Balyang Sanctuary is a public park in the suburb of Newtown, Geelong. Situated at on the banks of the Barwon River, it is 20 acre in size and consists of open park lands, lakes, and wetlands. It was opened in 1973.

==History==
The area occupied by Balyang Sanctuary was once owned by Captain Foster Fyans, who purchased it in 1845 at the first government land sale. It was on that land that Foster built his permanent home, "Bellbird Balyang", to remember a young Aboriginal Australian who accompanied him in the early days of the Geelong settlement.

The land was mainly used for grazing, as it was low lying and subject to flooding. It was reserved as public open space under the Geelong Planning Scheme 1959, with the local City of Newtown responsible for acquiring the land.
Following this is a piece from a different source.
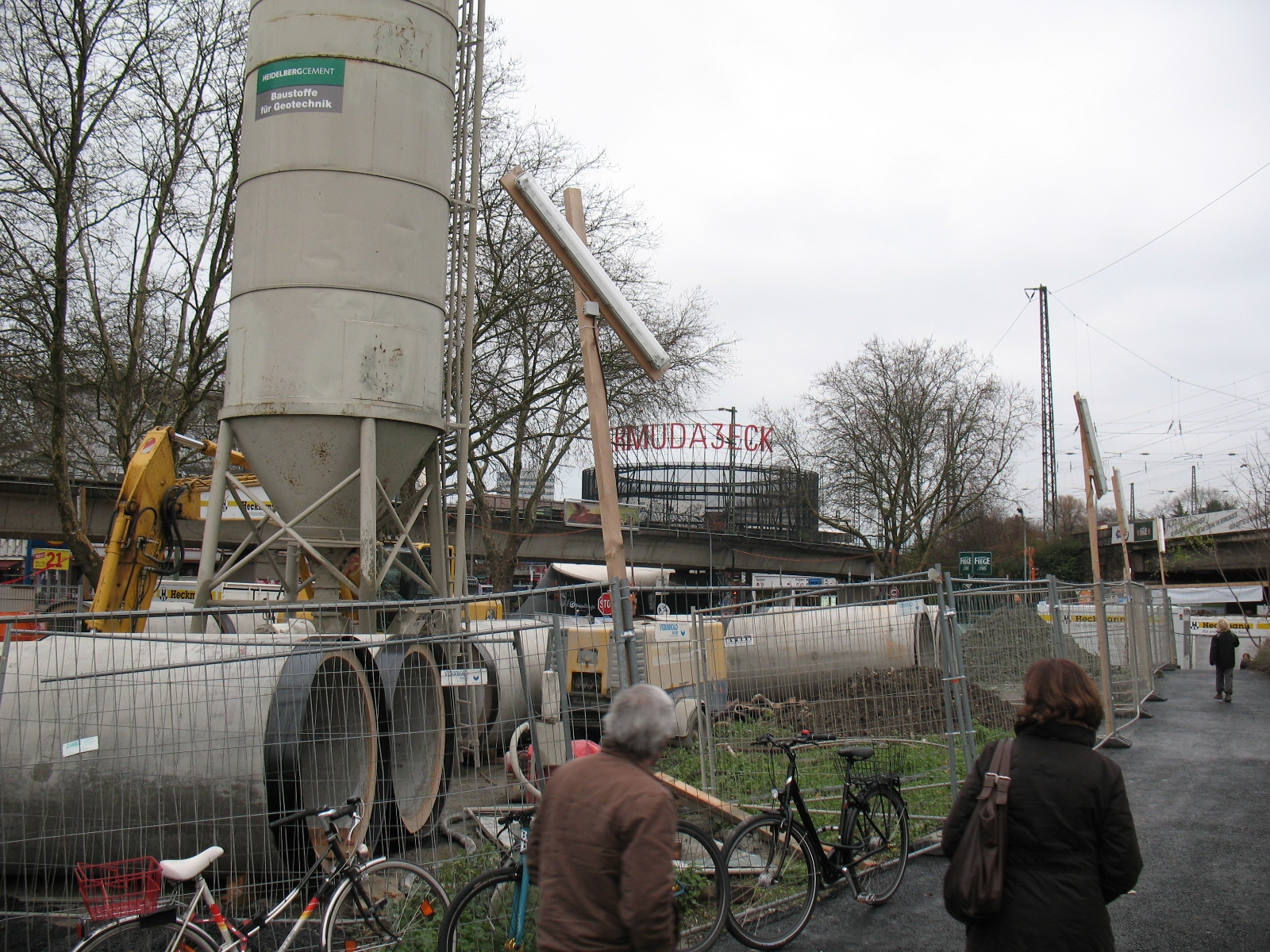 Kräftig gebaut wird derzeit an der Erschließung des Gebietes City-Tor Süd zwischen Viktoriastraße und Bessemer Straße. Aktuell lässt die Stadt die Kanalisation legen. Das allein kostet rund fünf Mio. Euro. Rund 2,3 Mio. Euro stehen im Etat 2014 für den sich anschließenden Straßenbau zur Verfügung. Kräftig gebaut wird derzeit an der Erschließung des Gebietes City-Tor Süd zwischen Viktoriastraße und Bessemer Straße. Aktuell lässt die Stadt die Kanalisation legen. Das allein kostet rund fünf Mio. Euro. Rund 2,3 Mio. Euro stehen im Etat 2014 für den sich anschließenden Straßenbau zur Verfügung.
Negotiations began in 1965, but the landowner, H.S. Hargraves, wanted to continue using the land. It was not until 1969 that a price was determined.

Also during 1965, the current Princes Bridge at the end of Shannon Avenue opened. The new high-level concrete and steel girder bridge replaced an older wooden bridge first opened in 1889 at the end of what is now Marnock Road. The northern approach of the bridge was built on a new embankment, which encircles the western side of what became Balyang Sanctuary.

==Work begins==
On 30 September 1970, a plan was adopted for the new park and work commenced on 1 August. Part of the works were carried out using the labour of the unemployed under the Non-Metropolitan Unemployment Relief Scheme. The cost had been estimated at $81,500, and $67,150 had been spent by the opening, $53,350 being for labour provided under the Relief Scheme. The park was officially opened on 16 August 1973 by the mayor of the City of Newtown, as well as representatives of the state and federal governments.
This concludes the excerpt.